Front. Surg., 20 December 2023
Sec. Neurosurgery

The incidence of VP shunt infection in a middle-income nation: a retrospective analysis of a pediatric population

\r\nDwayne Campbell
Dwayne Campbell1*Shane SinclairShane Sinclair1Dwaine CookeDwaine Cooke1Dwight WebsterDwight Webster1Marvin Reid\r\nMarvin Reid2
  • 1Department of Neurosurgery, Kingston Public Hospital, Kingston, Jamaica
  • 2Graduate Studies and Research, University of the West Indies, Mona, Jamaica

Objective: To investigate the incidence of infection after ventriculoperitoneal shunt (VPS) insertion at the Bustamante Hospital for Children (BHC), Jamaica, West Indies.

Method: Of the 178 patients managed by the Neurosurgery team at BHC, who underwent surgery between 2010 and 2016, 122 patients were subjected to the cerebrospinal fluid (CSF) diversion procedure through a VPS placement. The patients excluded from this study included those with a VPS placed at another institution or one placed prior to the study period. There is a notable transition that saw a switch from the use of the Codman uni-port to Medtronic shunts in 2014–2015, which initiated the process of reuse of shunt passers. Clinical data were retrospectively collected from operating theater logs and available manual health records.

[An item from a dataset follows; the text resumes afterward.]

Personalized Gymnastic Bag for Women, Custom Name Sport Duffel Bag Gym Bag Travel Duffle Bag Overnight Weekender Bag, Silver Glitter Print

Results: Over the 7-year study period of the 122 first-time shunt placements done, 17 patients (13.9%) had positive CSF cultures, with an additional six (4%) having CSF pleocytosis with negative cultures. The most common isolate was the Staphylococcus species, occurring in 60% of VPS infections. The median time to shunt infection was 2 months. Of the 72 Codman shunts placed, six became infected, and 21.7% (10 of 46) of the Medtronic shunts became infected.

Conclusion: The rate of incidence of VPS infection was 13.9% for the period between 2010 and 2016, with most infections occurring after 2014. The major causative agent was Staphylococcus species at 60% within a median 2 months of surgery. Overall, this compares well with data reported in the literature.

Introduction

Hydrocephalus refers to the accumulation of cerebrospinal fluid (CSF) in the ventricular spaces and cisterns, arising from a disturbance in its formation, absorption, or flow. It is a common condition of childhood associated with disease processes such as tumors, head injury, intracranial hemorrhage, spina bifida, and meningitis (1). In the pediatric population, it is commonly treated surgically using a ventriculoperitoneal shunt (VPS), a device usually placed in the lateral ventricle traveling subcutaneously and draining into the peritoneal cavity.

A VPS infection is defined as a positive CSF culture in association with CSF pleocytosis, fever, neurologic symptoms, and signs of shunt malfunction (2, 3). This will be extended to include a positive blood culture with symptoms of altered neurology, fever, peritonism, vomiting, headache, and seizures (new onset).

Hydrocephalus may be treated with the CSF diversion procedure; this may be in the form of endoscopic third ventriculostomy (ETV) recommended locally by Crandon et al. (4) as the treatment for obstructive hydrocephalus. VPS, however, can be used to treat both communicating and non-communicating hydrocephalus.

At the Bustamante Hospital for Children (BHC), Jamaica, shunting is the procedure of choice. Initially, Codman branded shunts were utilized, and a shift from Codman to Medtronic shunts occurred for reasons that were multifactorial. Medtronic shunts had detachable parts, which made revision of a component simpler, which, in turn, made it possible to reduce the extent of surgery done. In addition, Medtronic shunts cost less compared with Codman shunts. Against this background, this study aims to examine the rate of infection in the two types of shunting procedures and the overall incidence of shunt infection.

Methods

Patient population

The BHC is the only specialist pediatric hospital in the English-speaking Caribbean, catering to patients between birth and 12 years of age. It is located in Jamaica, which is classified as a middle-income country within Latin America and the Caribbean Region by the United Nations (5). A retrospective review of all the VPSs placed at the BHC by the Department of Neurosurgery during the period between 2010 and 2016 was performed. Ethical approval was obtained from both the Ethical and Research Committee of the South East Regional Health Authority (SERHA) and the BHC.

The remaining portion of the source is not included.